◆ EXCERPTED RECORDS:
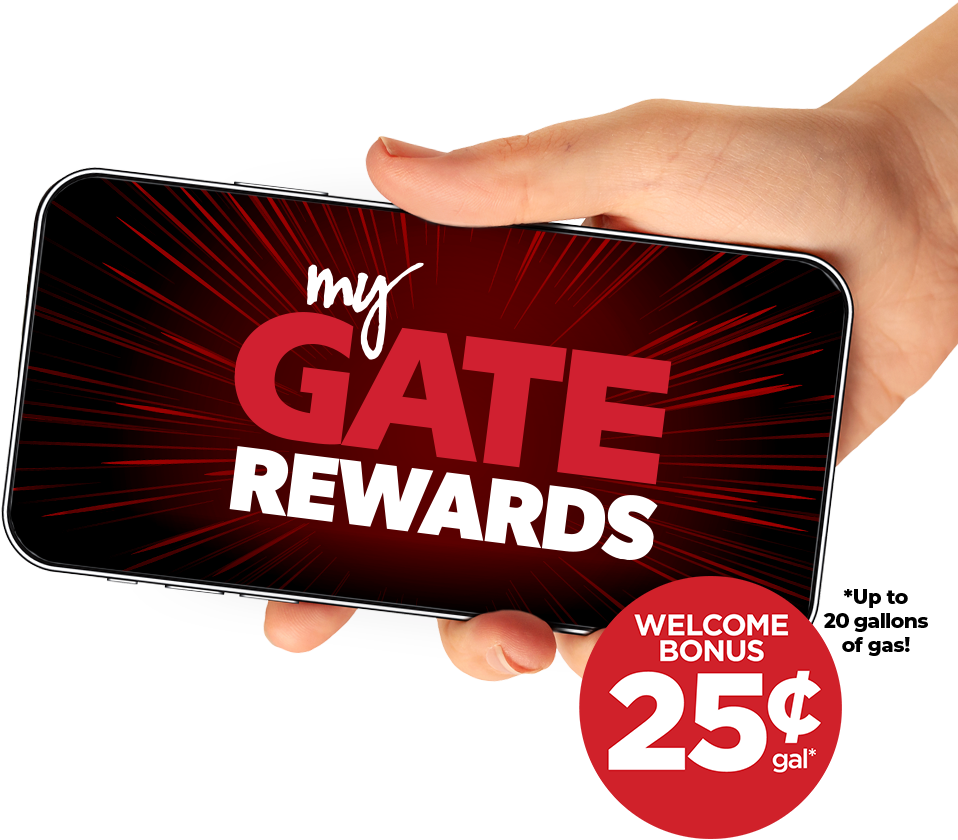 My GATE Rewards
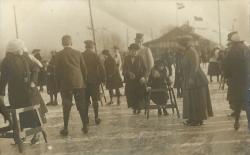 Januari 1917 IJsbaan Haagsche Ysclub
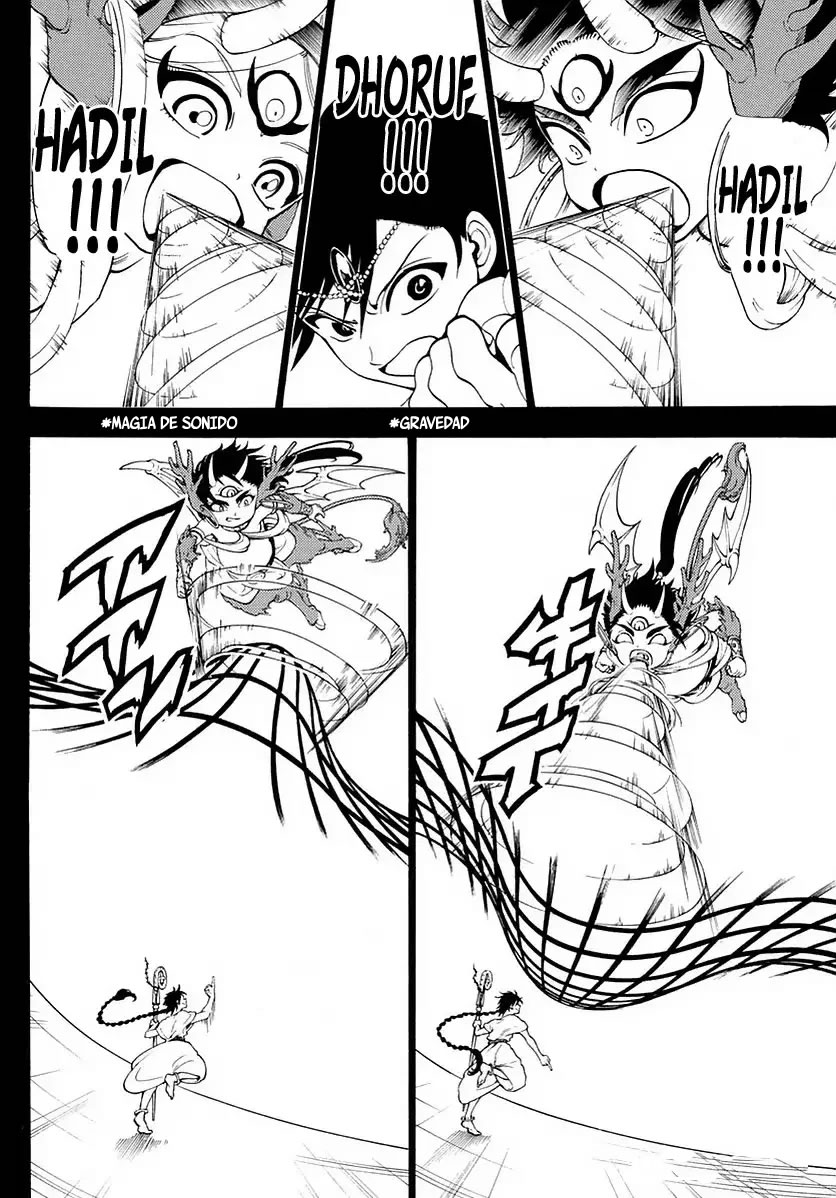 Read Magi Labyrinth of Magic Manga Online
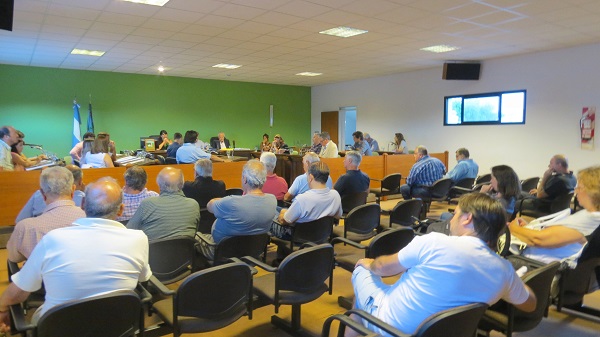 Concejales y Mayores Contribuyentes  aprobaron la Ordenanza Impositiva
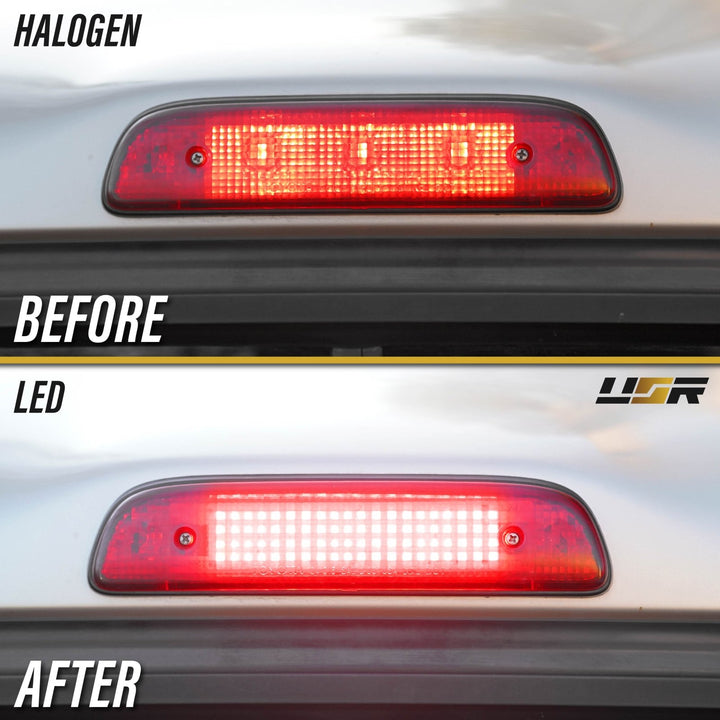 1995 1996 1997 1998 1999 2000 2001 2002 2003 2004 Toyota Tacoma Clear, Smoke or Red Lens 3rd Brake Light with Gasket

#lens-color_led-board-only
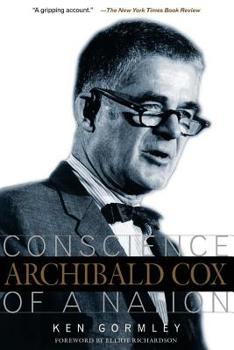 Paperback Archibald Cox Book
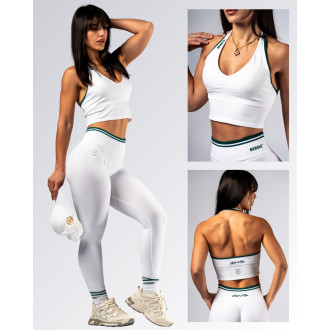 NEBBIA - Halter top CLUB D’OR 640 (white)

◆ YOUR INSTRUCTIONS:
Leave the pictures out and restate exactly the lines from the one that has "1995 1996 1997" through the final line of the entries above, both ends included.

◆ EXERCISE OUTPUT:
 1995 1996 1997 1998 1999 2000 2001 2002 2003 2004 Toyota Tacoma Clear, Smoke or Red Lens 3rd Brake Light with Gasket

#lens-color_led-board-only
 Paperback Archibald Cox Book
 NEBBIA - Halter top CLUB D’OR 640 (white)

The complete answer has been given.